Expanding Experimentation at Walmart using W3C Trace Context and Baggage

Yanardy Sanchez
Walmart Global Tech Blog
6 min readDec 22, 2020

At Jet.com — which Walmart purchased in 2016 — we had an in-house built A/B testing solution, Phaser, which made use of a telemetry header that all services were required to propagate. Phaser injected experimentation metadata into the header and as a result all services enjoyed out-of-the-box experimentation for free.

At Walmart, the A/B testing system, Expo, doesn’t currently enjoy that same luxury and therefore primarily serves front-end services. To bring experimentation to a wider service audience at Walmart we’ll have to integrate Expo into a distributed tracing system in the same way Phaser was.

Rather than integrating into an existing tracing implementation at Walmart, we’re working with the Walmart telemetry team to implement one based off the W3C Trace Context and Baggage specs; which addresses the need for a standardized approach to propagating a trace and related information.

In this post you’ll learn about Trace Context, Baggage, and how we’re using them to move experimentation at Walmart forward.

Primer on Distributed Tracing

Before introducing the specs, I’d like to provide you with a brief overview of distributed tracing using an analogy — Dot-to-Dots, the web of numbered black dots you could find in the back of a cereal box, or in a kids activity book, that you would trace with a pencil. The black dots are services in your micro-service architecture, and the pencil trace is a unique request from start to finish. Distributed tracing gives you a clear picture of the overall services involved in a request flow and helps link together the information necessary to identify failures and bottlenecks.

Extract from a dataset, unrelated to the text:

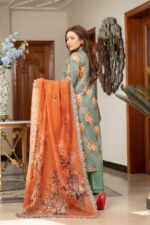 Mahira Linen Printed Embroidered Suit - Image 2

Dot-to-Dots worksheet of a Lion cub via https://www.allkidsnetwork.com/

Tracing is implemented by passing data inside of tracing headers that later get pieced together to help create a visualization of the path taken by a particular request. Traditionally, such headers have been designed by tracing vendors, leading to a lack of inter-operability in systems deploying multiple tracing vendors. This is one of the problems Trace Context and Baggage address.

Trace Context Simplified

What it’s for: Trace Context is a proposal of two headers that get updated and propagated as a request makes its way from one service to another. The headers are used to analyze the path a request takes through a system.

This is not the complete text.